Nunca intentó fundar un movimiento, simplemente deseaba seguir a Jesús como habían hecho los discípulos. Se centró en la pobreza de Cristo, y sus compañeros conocidos como los “Pobres de Lyons” fueron enviados de dos en dos a predicar y enseñar la Biblia. Waldo tenía porciones de la Escritura traducidas en los dialectos locales para usarlos en su predicación.
La iglesia católica romana sintiéndose amenazada por este ministerio de laicos, los condenó como herejes. Los Pobres de Lyons huyeron a Languedoc en el sur de Francia y a través de los Alpes hasta Lombardía en el norte de Italia, sufriendo persecución a lo largo del camino. Un siglo después, se encontraban en Alemania, todavía experimentando intensa persecución.

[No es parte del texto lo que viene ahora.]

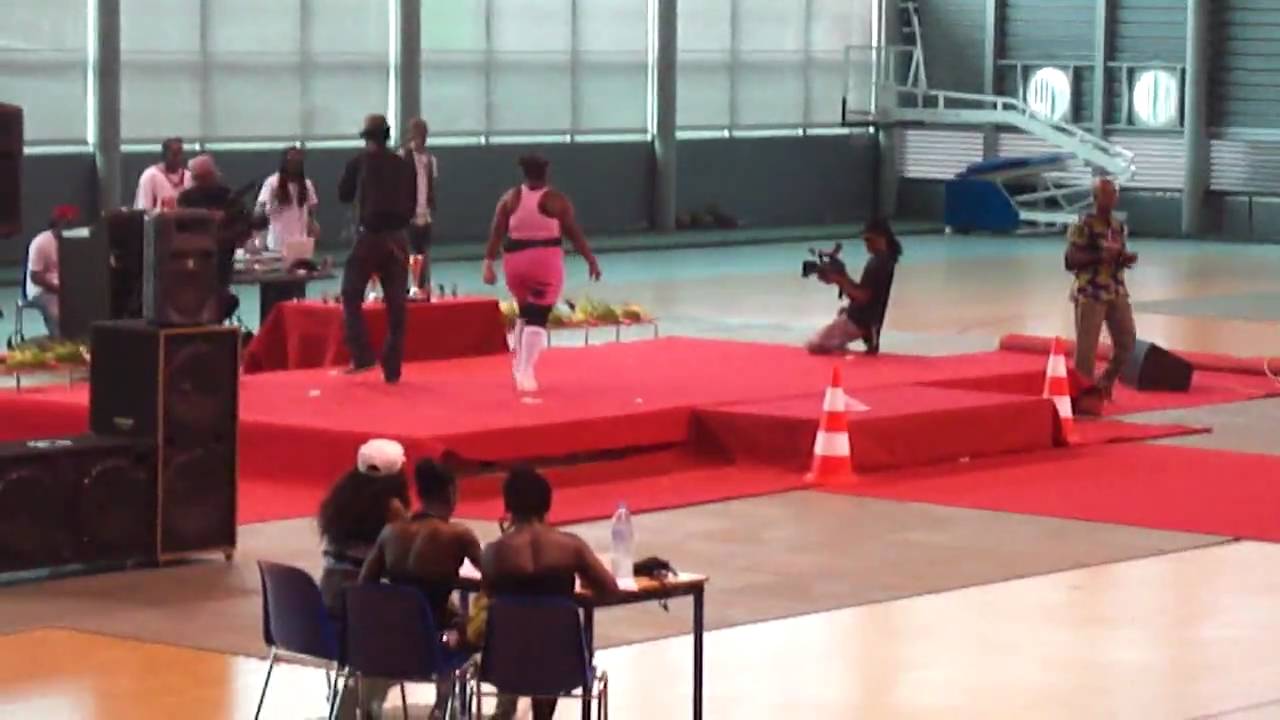 Gwada dance hall queen 2010_DHQ Miss Fatty feat Stone Majesty & Passage debout de DHQ Miss Fatty.MP4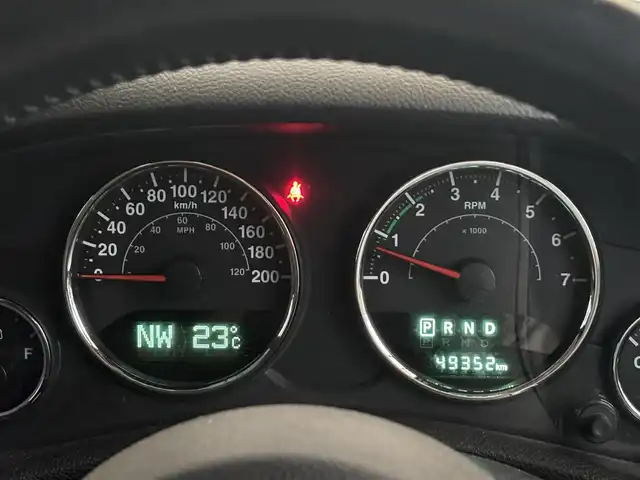 クライスラー・ジープ ジープ ラングラー アンリミテッド スポーツ 京都府 2018(平30)年 5万km 白 ・7インチメモリナビ(CN-RE04D)/　フルセグ/　Bluetooth/　CD/DVD再生/　SD再生録音/・サイドカメラ/・4WD/・オープントップ/・ディフェンダーラック(スミッティビルド製)/・クルーズコントロール/・ステアリングスイッチ/・横滑り防止システム/・ヒルディセントコントロール/・ドラレコ/・ETC/・純正18インチAW/・純正マット/・スペアキー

En 1689, los Waldensianos, como se les llamó subsecuentemente, iniciaron lo que vino a ser conocido como su “glorioso retorno” a los Alpes del norte de Italia, su tierra natal de adopción. Durante este mismo período los Hugonotes franceses también estaban huyendo de su país hacia los Alpes italianos. Bien alto en las montañas un pequeño grupo de oficiales Waldensianos, junto con sus soldados hicieron un pacto solemne llamado el Pacto de Sibaud, el cual decía en parte: “Dios por su gracia, habiéndonos traído felizmente de regreso a la herencia de nuestros padres, para restablecer allí el servicio puro de nuestra santa religión - a continuación y para la realización de la gran empresa, la cual el gran Jehová de los ejércitos hasta ahora ha llevado a nuestro favor -
“Nosotros, pastores, capitanes y otros oficiales, juramos y prometemos ante el Dios vivo, y por la vida de nuestras almas, mantener la unión y el orden entre nosotros, y no separarnos ni desunirnos unos de otros, mientras Dios nos preserve vivos, incluso aunque seamos reducidos a dos o tres en número...

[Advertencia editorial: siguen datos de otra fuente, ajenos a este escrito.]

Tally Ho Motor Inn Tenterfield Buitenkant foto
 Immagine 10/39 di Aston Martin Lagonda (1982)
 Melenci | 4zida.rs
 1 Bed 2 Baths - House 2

“Y nosotros, soldados, prometemos y juramos este día ante Dios, ser obedientes a las órdenes de nuestros oficiales, y continuar fieles a ellos, incluso hasta la última gota de nuestra sangre...
“Y a fin de que esa unión, la cual es el alma de nuestros asuntos, pueda permanecer siempre inquebrantable entre nosotros, los oficiales juramos fidelidad a los soldados, y los soldados a los oficiales...

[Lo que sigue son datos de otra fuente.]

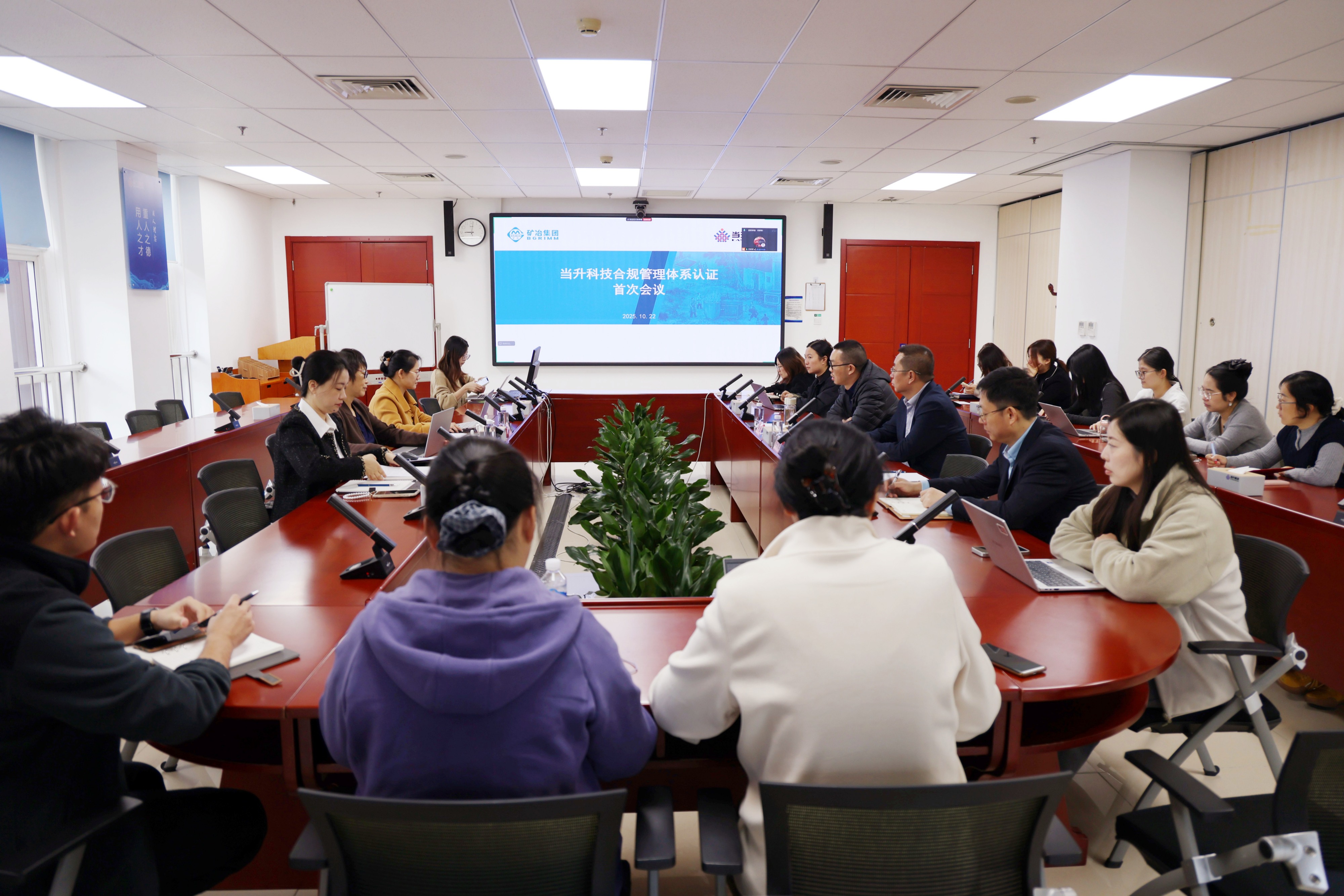 pg���d-pg���d�ٷ���-pg���d���b2025���°�V2.7.77-2265��׿�W(w��ng)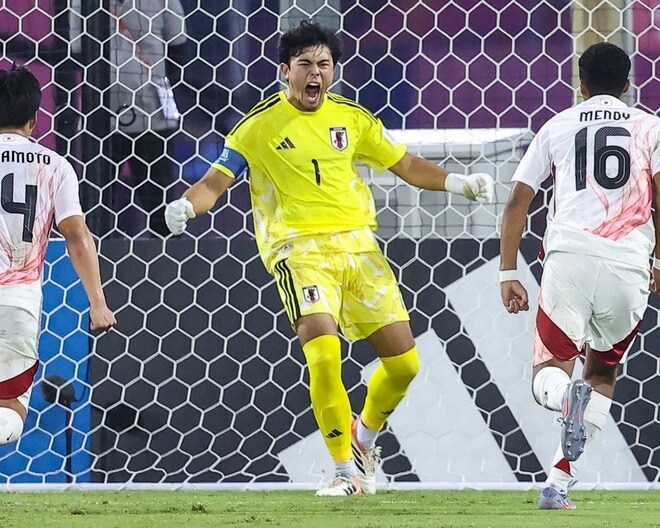 敵に煽られた時は仲間をガード。頼もしく、堂々とした振る舞い。渾身のPKストップ。U-17のGK村松秀司が与える安心感【現地発】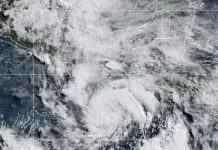 Alerta en México por evolución de tormenta Erick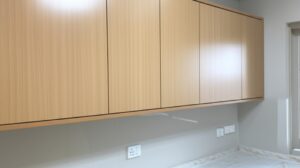 Bí Quyết Vàng: Cách Vệ Sinh Tủ Bếp Gỗ Công Nghiệp Sáng Bóng Như Mới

“Todos juntos prometemos a nuestro Dios y Salvador Jesucristo, rescatar hasta donde sea posible para nosotros, el dispersado remanente de nuestros hermanos del yugo que los oprime, para que junto con ellos podamos establecer y mantener en estos valles el reino del Evangelio, incluso hasta la muerte.
“En testimonio de lo dicho, juramos observar este presente compromiso mientras vivamos”.
Finalmente en mayo de 1690, debido al duro invierno el número de los Waldensianos se redujo a trescientos hombres, quienes estaban atrincherados en los riscos de las montañas. Alineados debajo de ellos en el valle, estaban cuatro mil soldados profesionales franceses dirigidos por el Marqués de Feuquiere, quien primero los atacó durante una severa tormenta de nieve, y luego comandó su artillería desplazando los cañones hasta las laderas, para atacar al sucio y andrajoso remanente de hombres que ascendían incluso más alto, esperando la muerte. Confiado, había enviado ya a Francia un mensaje anunciando su victoria. Pero entonces ocurrió el milagro. Una espesa niebla rodeó a los Waldensianos, permitiéndoles escapar de la cima de la montaña durante la noche. ¡Fueron salvados por la mano de Dios!
La iglesia Waldensiana más tarde se unió con los metodistas y todavía existe hoy.
Reflexión
¿Ha experimentado la intervención de Dios en su vida? En el caso de los Waldensianos, Dios protegió a los últimos trescientos hombres, pero decidió no preservar a los otros que murieron antes en el invierno. Debemos orar por la protección de Dios, reconociendo que en algunos casos ampara a sus hijos al llevárselos con Él.
“Diré yo a Jehová: Esperanza mía, y castillo mío; Mi Dios, en quien confiaré” (Salmos 91:2).